A Low-Cost Ethics Shaping Approach for Designing Reinforcement Learning Agents

Authors: Yueh-Hua Wu, Shou-De Lin

AAAI 2018 | Conference PDF | Archive PDF | Plain Text | LLM Run Details

Reproducibility Variable Result LLM Response
Research Type Experimental We demonstrate the effectiveness of ethics shaping by conducting experiments in three scenarios, Grab a Milk, Driving and Avoiding, and Driving and Rescuing. These schemes are designed to show how the learner s behavior could be altered by ethics shaping while facing matters happening in our daily lives. We further claim that ethics shaping ought to overcome or alleviate ethical problems such as side effects caused by optimizing the original objective functions (Taylor et al. 2016) and dangerous exploration (Amodei et al. 2016), which will be confirmed by the experiment results.
Researcher Affiliation Academia Yueh-Hua Wu, Shou-De Lin Department of Computer Science and Information Engineering, National Taiwan University Taipei 10617, Taiwan d06922005@ntu.edu.tw, sdlin@csie.ntu.edu.tw
Pseudocode No The paper describes the 'Ethics Shaping' method using mathematical equations (e.g., equation 6 for shaping reward) but does not present the method in a structured pseudocode or algorithm block.
Open Source Code No The paper does not include any explicit statements about releasing source code or provide links to a code repository for the methodology described.
Open Datasets No The paper describes three custom scenarios ('Grab a Milk', 'Driving and Avoiding', 'Driving and Rescuing') and mentions human trajectories 'synthesized by random walk'. It does not refer to any established public datasets or provide access information (links, DOIs, citations with author/year) for any data used.
Dataset Splits No The paper mentions that 'the best performances are reported in terms of learning rate α, discount factor γ, and the scale parameters cn, cp in shaping reward H', which implies hyperparameter tuning.
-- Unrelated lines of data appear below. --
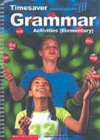 Grammar Activities Elementary - Book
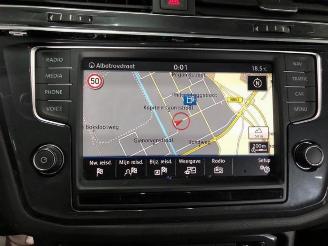 Volkswagen Tiguan Tiguan (AD1), SUV, 2016 1.4 TSI 16V picture 6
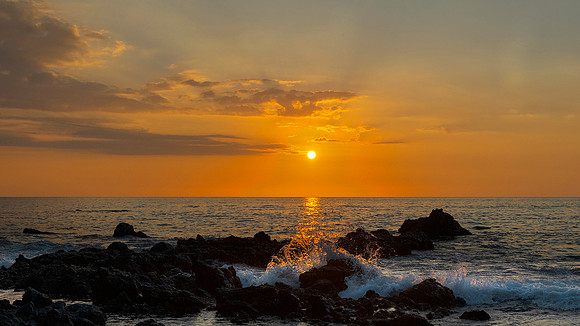 Big Island Hawaii
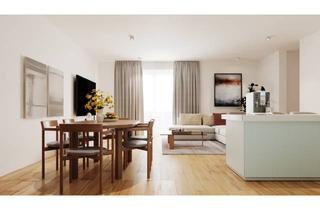 Wohnung kaufen in 55239 Gau-Odernheim, Freier Blick bis zu den Sternen - Exklusive 2-Zimmer-Dachgeschosswohnung mit Balkon!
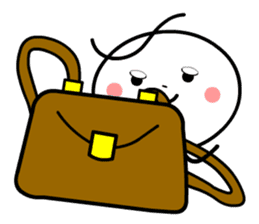 Tappy 2 sticker #8977706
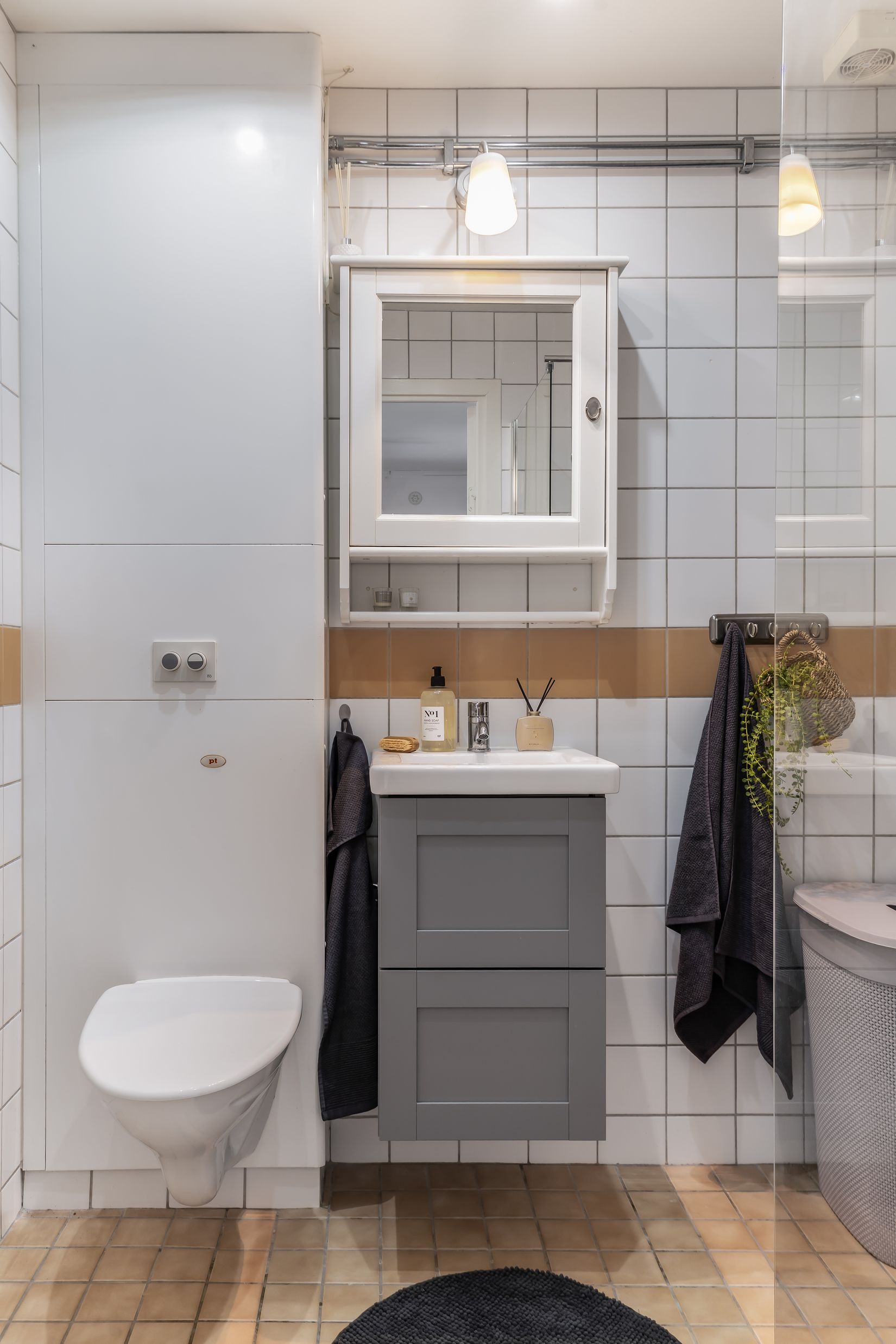 Bostadsrätt, Oxhagsvägen 46, Sommarlust, Kristianstad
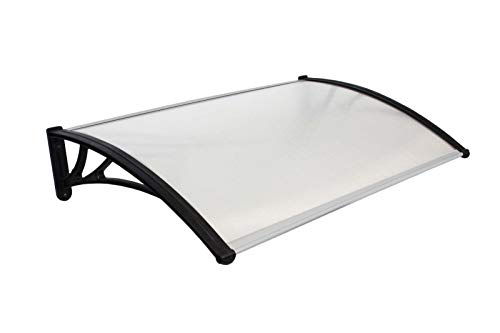 Haustür Vordächer Test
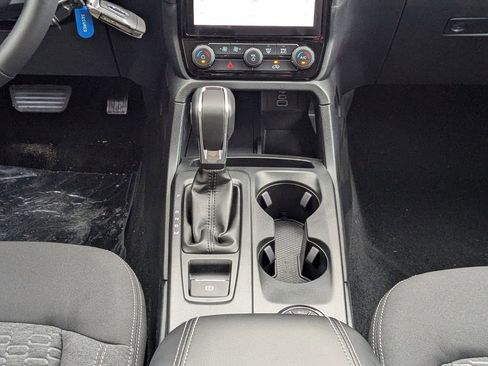 New 2026 Ford Ranger XLT w/ Equipment Group 301A High image 47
However, it does not explicitly state dataset splits (e.g., train/validation/test percentages or counts) or cross-validation setup for reproducibility of data partitioning.
Hardware Specification No The paper does not provide any specific details about the hardware used to run the experiments, such as GPU models, CPU types, or memory specifications.
Software Dependencies No The paper mentions that the 'ethics shaping algorithm can make the SARSA algorithm perform more ethically' and that 'ϵ-greedy is used for exploration', but it does not list any specific software dependencies with version numbers (e.g., Python, TensorFlow, PyTorch, or their specific versions).
Experiment Setup Yes For algorithms with and without ethics shaping, the best performances are reported in terms of learning rate α, discount factor γ, and the scale parameters cn, cp in shaping reward H. ... In the experiments, all human policies are synthesized by random walk with ethical rules and the confidence level of human feedback C is set to 0.95 since we would like to focus on how much ethics shaping can influence reinforcement learners.